(Data extract)

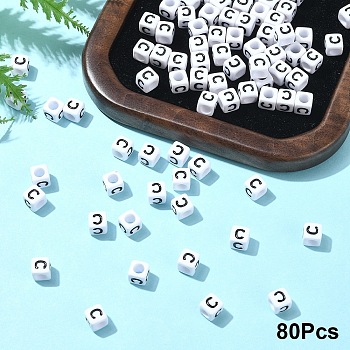 Acrylic Horizontal Hole Letter Beads, with Enamel, Cube, Letter C, 6x6x6mm, Hole: 3.2mm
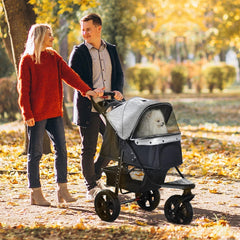 عربة أطفال PawHut Dog Pram Dog Stroller، عربة أطفال للكلاب ذات 3 عجلات مع فرامل، للكلاب الصغيرة والقطط، باللون الأحمر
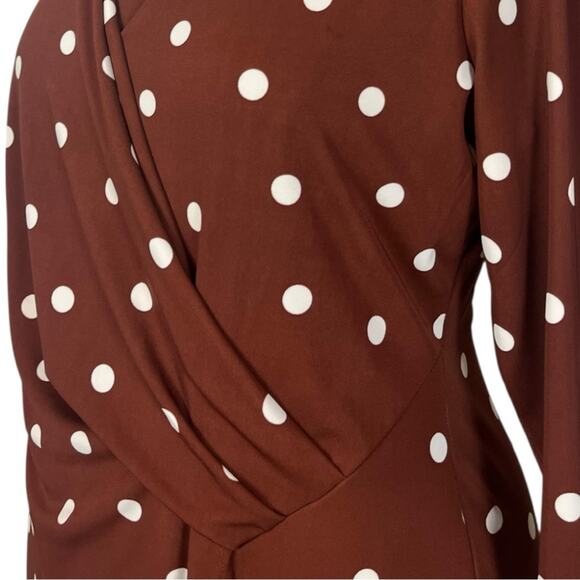 Talbots Wrap Dress V-neck 3/4 sleeves Brown White Polka Dot Women’s Plus Size 1X - Picture 12 of 15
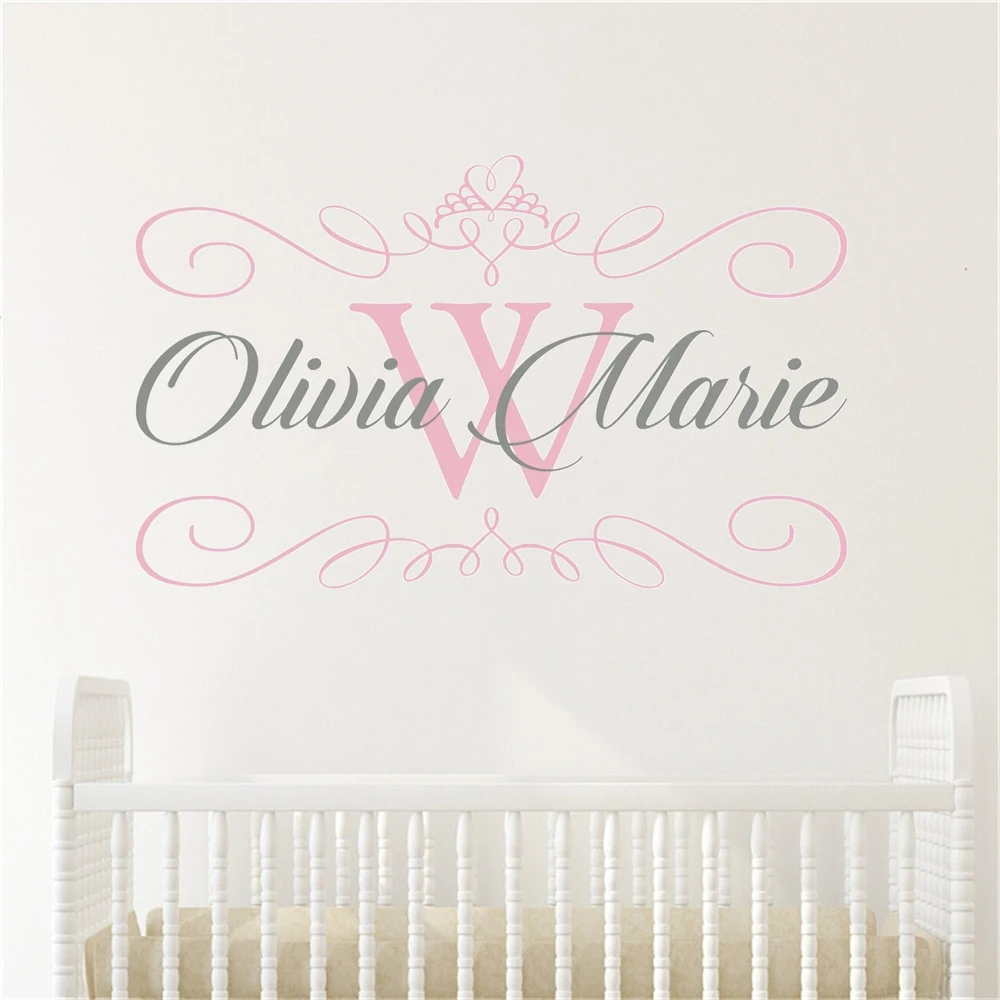 Персонализированные настенные наклейки на заказ с инициалом и именем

(End Data extract)

* [Prompt] Exclude the images, then output the data above word for word.

* [Solved exercise]
 Acrylic Horizontal Hole Letter Beads, with Enamel, Cube, Letter C, 6x6x6mm, Hole: 3.2mm
 عربة أطفال PawHut Dog Pram Dog Stroller، عربة أطفال للكلاب ذات 3 عجلات مع فرامل، للكلاب الصغيرة والقطط، باللون الأحمر
 Talbots Wrap Dress V-neck 3/4 sleeves Brown White Polka Dot Women’s Plus Size 1X - Picture 12 of 15
 Персонализированные настенные наклейки на заказ с инициалом и именем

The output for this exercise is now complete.